Ella le observó durante algunos segundos con el máximo interés. La tenía fascinada este hombre con su entereza y su fuerte personalidad.
—¿Cómo piensa vengarse? —quiso saber, anhelante.
La próxima cuestión de él, dejando la cuestión suya sin responder, la desconcertó por completo:
—Ustedes dos están casados, ¿verdad?
—Por la iglesia.
—¿En régimen de separación de bienes, o gananciales?
—Separación de bienes —manteniendo su aturdimiento.
—¿Quién de ustedes dos ha ganado la mayor parte de los bienes que poseen?
—Bueno, mi marido es un hombre de negocios, yo una atareada ama de casa.
—Usted y yo estamos en la misma situación, en el mismo barco, así que no nos conviene el divorcio porque nos quedaríamos sin nada. Varios años haciéndonos cargo del hogar, trabajando como esclavos todo el día para que nuestros consortes puedan llevar una existencia cómoda y regalada, sin problemas domésticos de ningún tipo, no tendría para nosotros compensación ninguna. Hablando mal: nos quedaríamos jodidos y encima apaleados.
—Así sería —empezando la señora Martin a sospechar por donde iban los tiros y cada vez sintiendo mayor admiración hacia él.
—Bebamos un poco más —propuso el hombre que había descubierto el adulterio de sus respectivos cónyuges. Se terminaron el contenido de sus copas, y el añadió—: ¿Qué opina de esa antigua sentencia de origen bíblico: El que a hierro mata, a hierro muere?

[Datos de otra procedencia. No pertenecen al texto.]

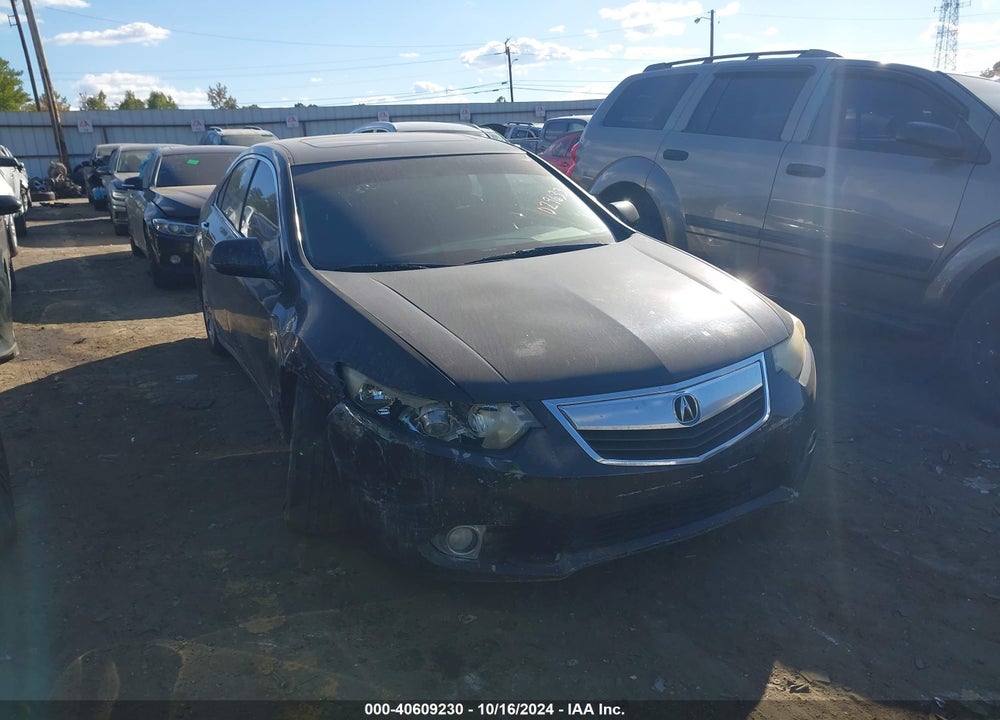 2012 ACURA TSX 2.4 VIN: JH4CU2F45CC029633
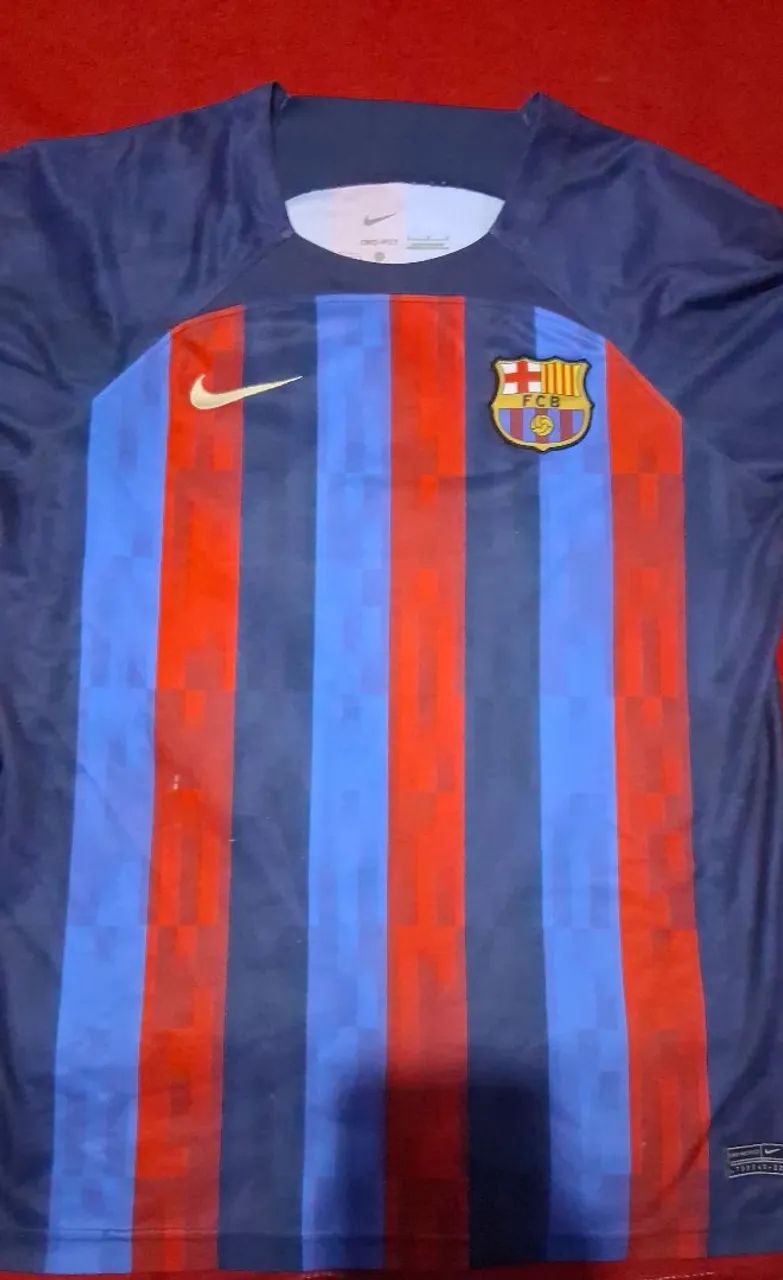 Camisa do barcelona 22/23 - Foto 4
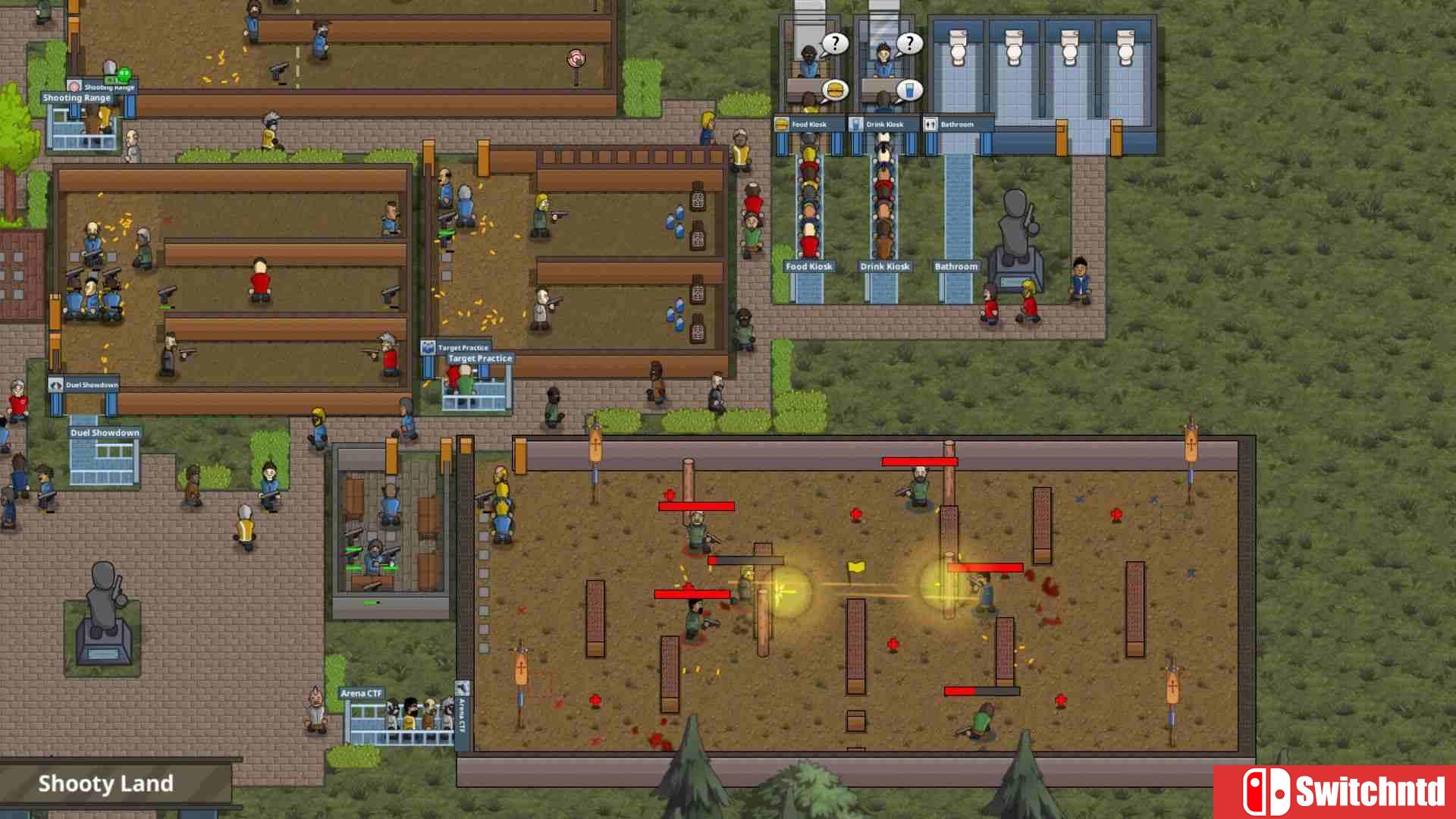 《大逃杀大亨（Battle Royale Tycoon）》PLAZA镜像版[CN/EN]_5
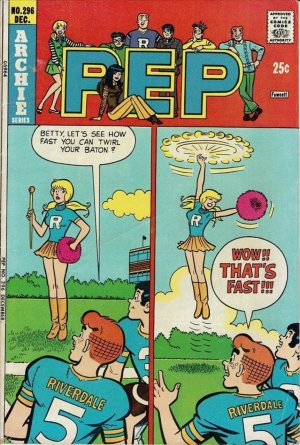 Pep comics 296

—Que estoy totalmente de acuerdo con ella.
—Perfecto.
Esta vez se sostuvieron la mirada varios minutos. La mutua atracción que había crecido entre ellos a lo largo de la conversación se les estaba convirtiendo en deseo y poderosa voluntad de venganza.
—¿Qué propones que hagamos ahora? —tuteándole ella por primera vez.
Él apresó las manos femeninas con una ternura que la conmovió, y emocionada devolvió las caricias que estaba recibiendo.
—Vivo muy cerca de aquí. ¿Me quieres acompañar? —propuso él sin apenas disimular sus anhelos.
—Te acompañaré —ella sin apenas tener que pensarlo.
Él dejó debajo de una de las copas, dinero. Se pusieron de pie los dos al mismo tiempo y, cogidos de la mano echaron a andar hacia la salida, sus caderas rozándose. Antes de llegar a la puerta ella se le rindió, confiada, apoyando la cabeza sobre su fuerte hombro y pensó, convencida e ilusionada, que iba a salir favorecida ganando el amor de este hombre más guapo y más atlético que el infiel suyo y devolviéndole la puesta de cuernos. Ella también creía era justo que: “El que a hierro mata, a hierro muere”. Y mientras él, galante, le abría la puerta de la calle, le pidió con voz acaramelada:
—No me has dicho tu nombre.
—Mi nombre es: Justo.
—Debí suponerlo. ¿Escandalizaremos a alguien si nos besamos aquí en mitad de la acera?
—Para saberlo tendremos que probarlo.
El apasionado, ardiente y arrollador beso que se dieron, si alguien se hubiera tomado la molestia de cronometrarlo, habría sabido que duró cuatro minutos y algunas décimas.